Contact: Public Affairs Office, www-news@lanl.gov, (505) 667-7000 (99-118)

LOS ALAMOS, N.M., August 24, 1999 — Neutron scattering pioneer Ferenc Mezei of the Department of Energy's Los Alamos National Laboratory will receive the first-ever Walter Haelg Prize from the European Neutron Scattering Association.

Mezei, the visiting John Wheatley Scholar working in the Los Alamos Neutron Science Center Division, will receive the award, along with about $6,000, next month during the association's four-day European Conference on Neutron Scattering in Budapest, Hungary.

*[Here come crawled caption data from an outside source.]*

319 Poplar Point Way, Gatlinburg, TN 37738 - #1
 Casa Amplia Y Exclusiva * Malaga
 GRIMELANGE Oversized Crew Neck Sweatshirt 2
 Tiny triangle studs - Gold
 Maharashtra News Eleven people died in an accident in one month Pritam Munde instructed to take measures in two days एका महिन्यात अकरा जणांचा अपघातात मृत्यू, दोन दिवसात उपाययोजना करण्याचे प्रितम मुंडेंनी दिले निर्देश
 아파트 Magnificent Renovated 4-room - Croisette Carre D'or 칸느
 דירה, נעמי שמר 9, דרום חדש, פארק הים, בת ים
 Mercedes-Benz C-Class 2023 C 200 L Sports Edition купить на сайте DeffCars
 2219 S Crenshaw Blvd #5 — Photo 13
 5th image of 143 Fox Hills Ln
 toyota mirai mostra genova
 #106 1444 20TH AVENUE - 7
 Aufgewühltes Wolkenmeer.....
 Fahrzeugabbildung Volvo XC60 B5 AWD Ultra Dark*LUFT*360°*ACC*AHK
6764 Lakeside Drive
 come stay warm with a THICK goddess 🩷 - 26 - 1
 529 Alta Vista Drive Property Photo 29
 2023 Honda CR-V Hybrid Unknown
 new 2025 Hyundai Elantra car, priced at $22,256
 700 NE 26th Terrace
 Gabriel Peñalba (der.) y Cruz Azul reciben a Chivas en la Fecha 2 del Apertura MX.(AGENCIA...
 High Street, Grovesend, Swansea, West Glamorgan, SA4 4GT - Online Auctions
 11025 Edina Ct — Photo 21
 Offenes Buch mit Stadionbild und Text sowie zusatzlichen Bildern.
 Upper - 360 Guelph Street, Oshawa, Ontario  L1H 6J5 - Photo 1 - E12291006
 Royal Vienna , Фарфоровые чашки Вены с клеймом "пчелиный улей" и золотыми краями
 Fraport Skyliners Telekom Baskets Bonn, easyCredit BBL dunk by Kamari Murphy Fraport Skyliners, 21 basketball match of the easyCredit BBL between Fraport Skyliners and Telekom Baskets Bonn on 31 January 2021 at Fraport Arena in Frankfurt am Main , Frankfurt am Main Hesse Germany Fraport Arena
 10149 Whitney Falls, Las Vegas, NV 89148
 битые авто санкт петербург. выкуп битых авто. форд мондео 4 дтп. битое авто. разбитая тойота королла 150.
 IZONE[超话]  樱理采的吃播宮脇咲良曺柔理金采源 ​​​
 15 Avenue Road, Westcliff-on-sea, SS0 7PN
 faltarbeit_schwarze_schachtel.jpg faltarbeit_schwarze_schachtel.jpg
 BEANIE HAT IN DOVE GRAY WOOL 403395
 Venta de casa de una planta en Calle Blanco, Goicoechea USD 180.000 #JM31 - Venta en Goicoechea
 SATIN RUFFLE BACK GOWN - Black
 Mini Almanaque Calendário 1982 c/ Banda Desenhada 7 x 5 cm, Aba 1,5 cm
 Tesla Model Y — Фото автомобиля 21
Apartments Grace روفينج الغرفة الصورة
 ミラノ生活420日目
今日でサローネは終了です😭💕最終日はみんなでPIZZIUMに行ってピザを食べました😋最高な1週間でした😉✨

The award is named for Professor Haelg, the initiator of neutron scattering in Switzerland, who made a generous donation to fund the award. It will be given every other year to a European scientist for outstanding work in neutron scattering with long-term impact on scientific or technical applications.

"I feel particularly honored in that I'm the first person to receive this award," said Mezei. He also was the first John Wheatley Scholar, a distinguished scientific position created by Los Alamos for visiting scientists who bring expertise to the areas of neutron scattering, thermal physics or condensed matter physics.

Mezei currently is developing new spallation techniques at Los Alamos to advance areas of neutron scattering normally performed only with nuclear reactors by switching to accelerator-based neutron sources. He also is using neutron scattering techniques to study the dynamic behavior of complex matter.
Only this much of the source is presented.